**Task to complete**
The task calls for an exact retyping of the lines from the one holding "The assignment is" through the end of the listing, with pictures omitted and nothing added.

**Given information**
Content starts

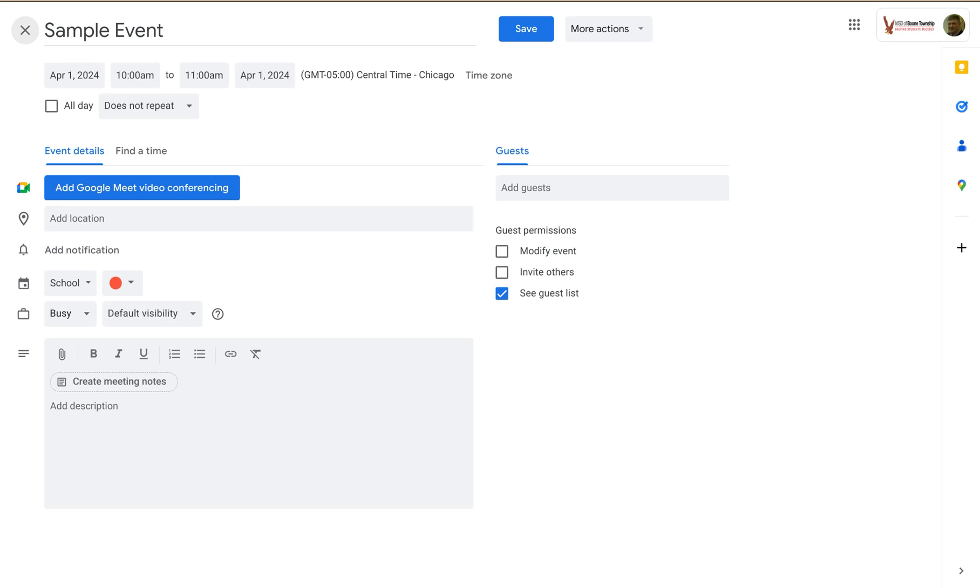Welcome to LowKeyPD. In this tutorial, I'm going to show you how to control more of the options for creating events in Google Calendar.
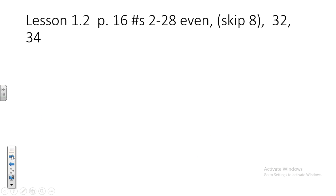The assignment is on the bottom of your sheet. Skip number eight — it asks you to copy a segment and we're not getting compasses out today. Do problems 2 through 28 even, skipping eight, and then 32 and 34. Also get out your assignment from Friday so we can go over any questions you have on that.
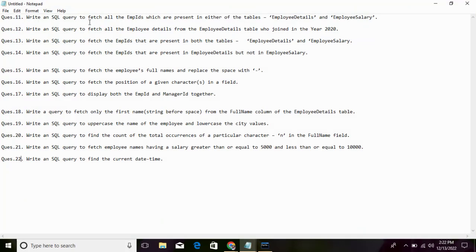The first question: Write a SQL Query to search all the EMP IDs which are present in either of the tables — the Employee table or the Employee Salary table. We will do an EMP ID search and write the query.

Content ends

**Response area**
The assignment is on the bottom of your sheet. Skip number eight — it asks you to copy a segment and we're not getting compasses out today. Do problems 2 through 28 even, skipping eight, and then 32 and 34. Also get out your assignment from Friday so we can go over any questions you have on that.
The first question: Write a SQL Query to search all the EMP IDs which are present in either of the tables — the Employee table or the Employee Salary table. We will do an EMP ID search and write the query.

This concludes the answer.